The game led NBC to average 21.6 million prime-time viewers last week (10.3 rating, 16 share). Fox had 11.3 million viewers (6.5, 10), CBS 9.5 million (6.0, 10), ABC 5.8 million (3.7, 6), My Network TV 1.6 million (1.0, 2) the CW 1.5 million (1.0, 1) and ION Television 580,000 (0.4, 1).
Among the Spanish-language networks, Univision led with a 4.2 million average (2.0, 3), Telemundo had 1.2 million (0.6, 1), TeleFutura 570,000 (0.3, 0) and Azteca 150,000 (0.1, 0).

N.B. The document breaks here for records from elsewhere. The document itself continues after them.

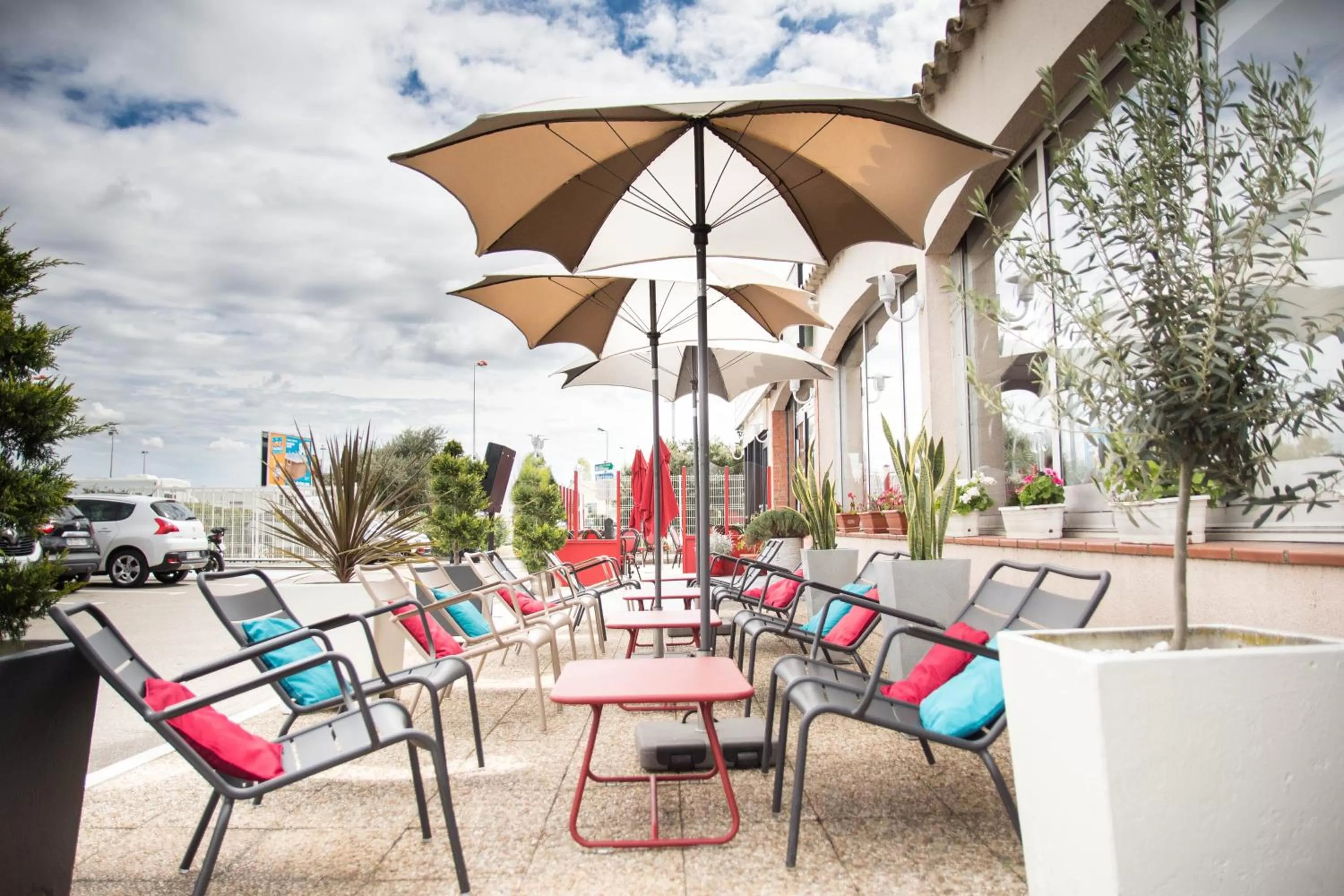 Patio in Hotel ibis Narbonne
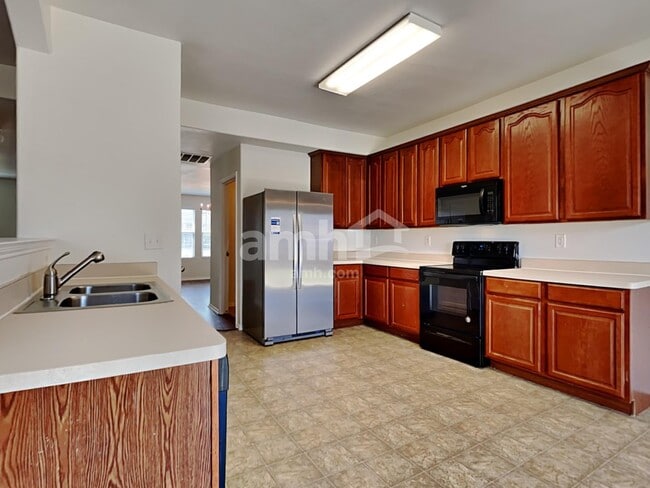 Photo - 700 Locustberry Dr
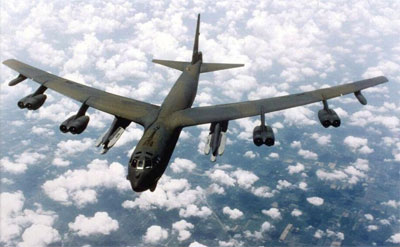Bombardeiro dos EUA cai na ilha de Guam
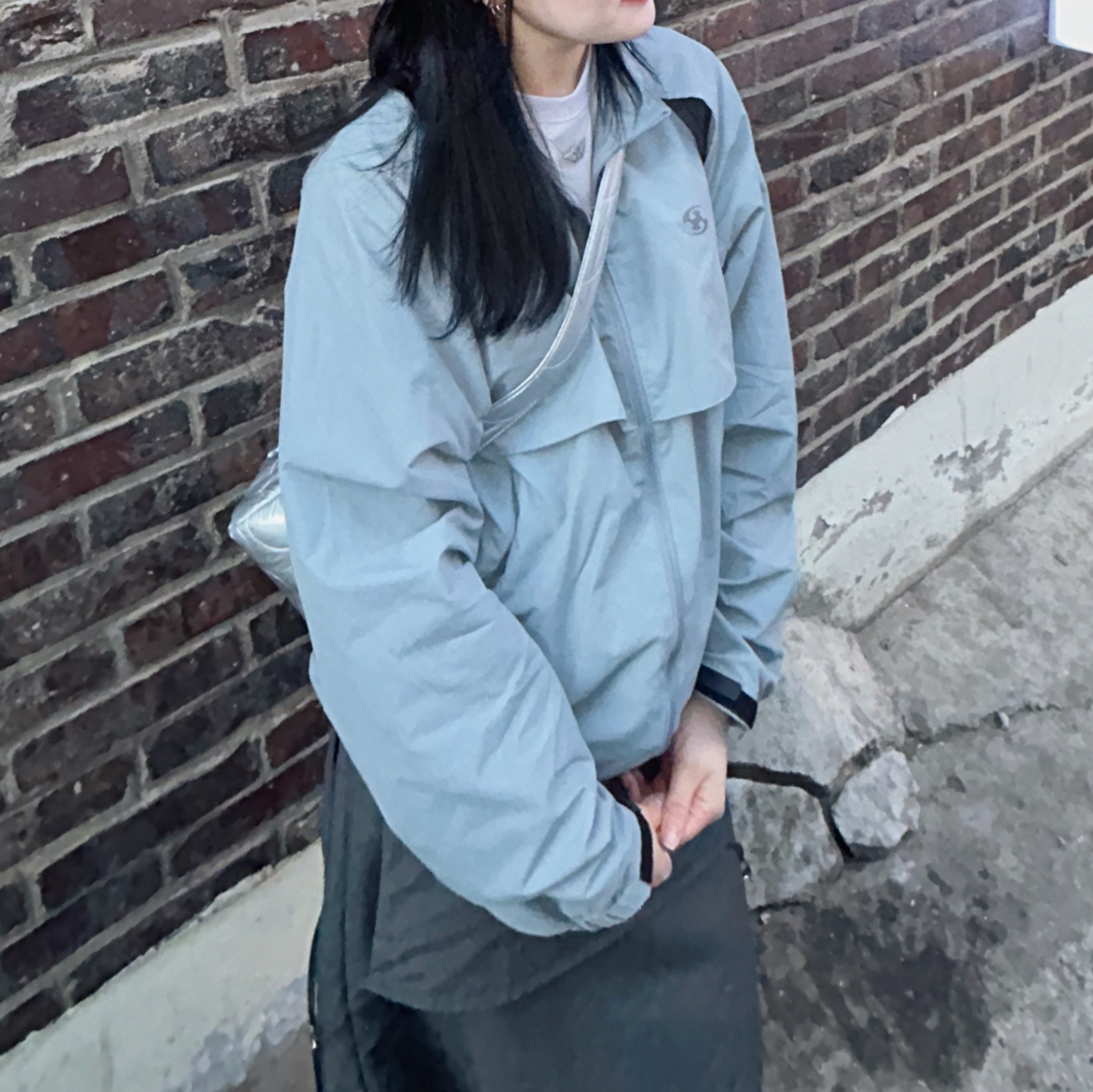 Art Of Field Section Short Sleeved T-Shirt Light Gray, Sansan Gear Slash Slit Jacket Charcoal - 23SS 착용 스타일 - 2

A ratings point represents 1,145,000 households, or 1 percent of the nation's estimated 114.5 million TV homes. The share is the percentage of in-use televisions tuned to a given show.
For the week of Jan. 26-Feb. 1, the top 10 shows, their networks and viewerships: Super Bowl XLIII: Arizona vs. Pittsburgh, NBC, 98.73 million; Super Bowl postgame show, NBC, 57.4 million; "American Idol" (Wednesday), Fox, 27.36 million; "American Idol" (Tuesday), Fox, 25.54 million; "American Idol" (Thursday), Fox, 24.61 million; "The Office" (Sunday), NBC, 22.91 million; "CSI: Crime Scene Investigation," CBS, 20.15 million; "NCIS," CBS, 19.2 million; "House," Fox, 15.69 million; "The Mentalist," CBS, 15.23 million.
ABC is owned by The Walt Disney Co. CBS is owned by CBS Corp. CW is a joint venture of Warner Bros. Entertainment and CBS Corp. Fox and My Network TV are units of News Corp. NBC and Telemundo are owned by General Electric Co. ION Television is owned by ION Media Networks. TeleFutura is a division of Univision. Azteca America is a wholly owned subsidiary of TV Azteca S.A. de C.V.